As a rule of thumb, a single shard should hold somewhere between 5 - 100 GB of data.

To avoid oversharding, CrateDB by default limits the number of shards per node to 1000. Any operation that would exceed that limit, leads to an exception.

How to choose your sharding and partitioning strategy

An optimal sharding and partitioning strategy always depends on the specific use case and should typically be determined by conducting benchmarks across various strategies. The following steps provide a general guide for a benchmark.

  • Identify the ingestion rate

  • Identify the record size

  • Calculate the throughput

Then, to calculate the number of shards, you should consider that the size of each shard should roughly be between 5 - 100 GB, and that each node can only manage up to 1000 shards.

Time-series example

To illustrate the steps above, let’s use them on behalf of an example. Imagine you want to create a partitioned table on a three-node cluster to store time-series data with the following assumptions:

  • Inserts: 1.000 records/s

  • Record size: 128 byte/record

  • Throughput: 125 KB/s or 10.3 GB/day

Given the daily throughput is around 10 GB/day, the monthly throughput is 30 times that (~ 300 GB). The partition column can be day, week, month, quarter, etc. So, assuming a monthly partition, the next step is to calculate the number of shards with the shard size recommendation (5 - 100 GB) and the number of nodes in the cluster in mind.

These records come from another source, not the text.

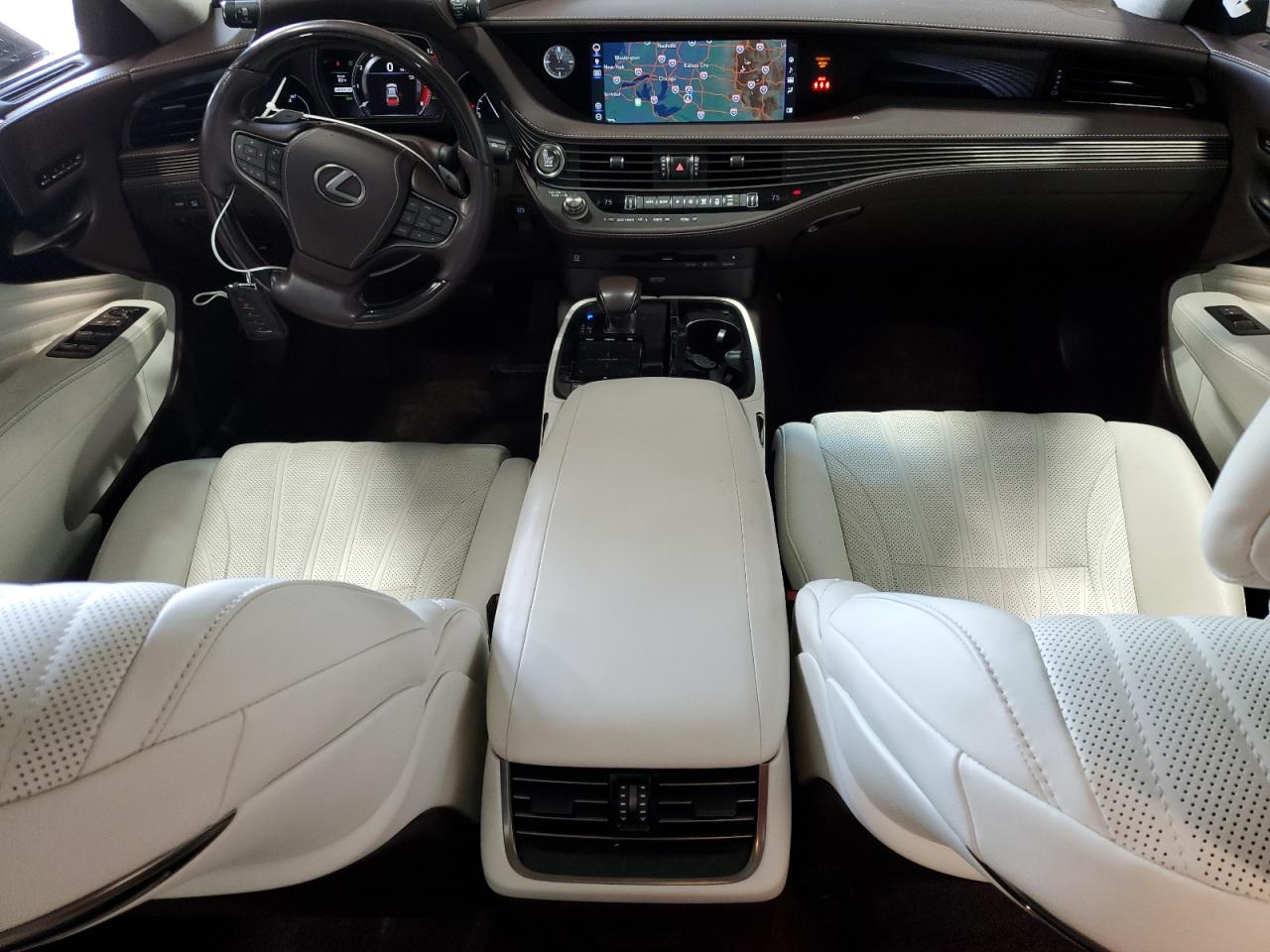 JTHC5LFF9K5006492 2019 Lexus Ls 500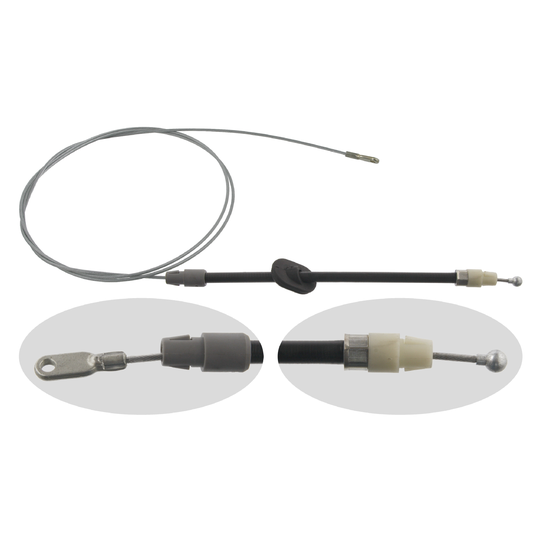 Käsijarruvaijeri FEBI BILSTEIN 26729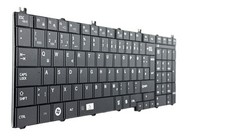 Tastiera DE nera opaca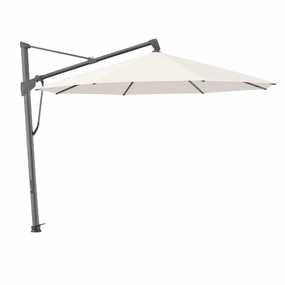 Glatz Sombrano Free Arm Garden Parasol Vanilla 3.5madjustable height outdoor parasol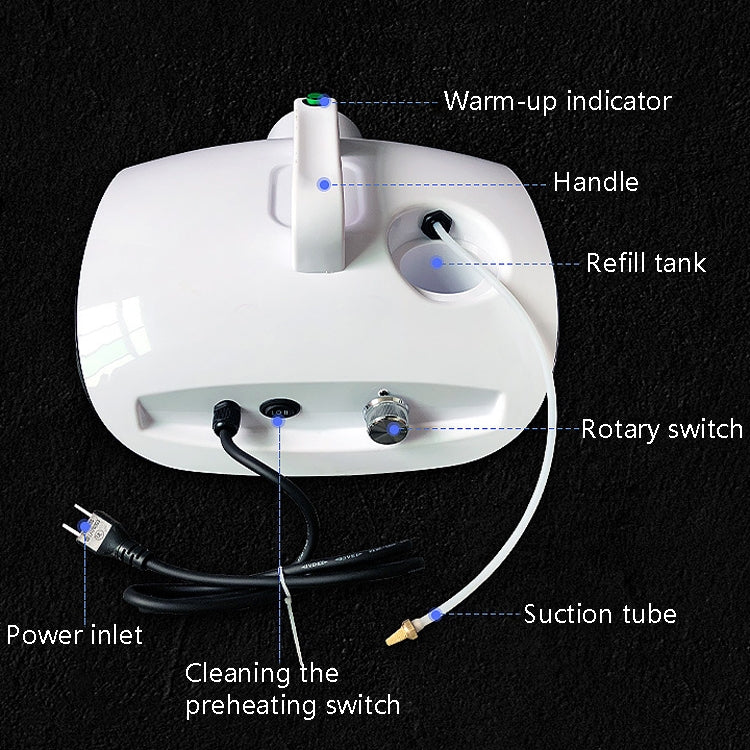 Mist Air Spray Cleaner Disinfectant Air Purifier, Power Plug: UK Plug(White) - free shipping - PMC TechLife - Order now!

With three shards, each shard will hold 100 GB (300 GB / 3 shards), which is too close to the upper limit. With six shards, each shard will manage 50 GB (300 GB / 6 shards) of data, which is closer to the recommended size range (5 - 100 GB).

CREATE TABLE timeseries_table (
    ts TIMESTAMP,
    val DOUBLE PRECISION,
    part GENERATED ALWAYS AS date_trunc('month',ts)
) CLUSTERED INTO 6 SHARDS
PARTITIONED BY(part);

Assuming a weekly partition for the same example (7 days × 10 GB/day = 70 GB/week), three shards per partition would work well resulting in ~ 24 GB per shard.

Above, we demonstrated how both monthly partitioning with 6 shards, and weekly partitioning with 3 shards work for the use case. In general, you should also consider to evaluate the query patterns of your use case, in order to find a good partitioning interval matching the characteristics of your data.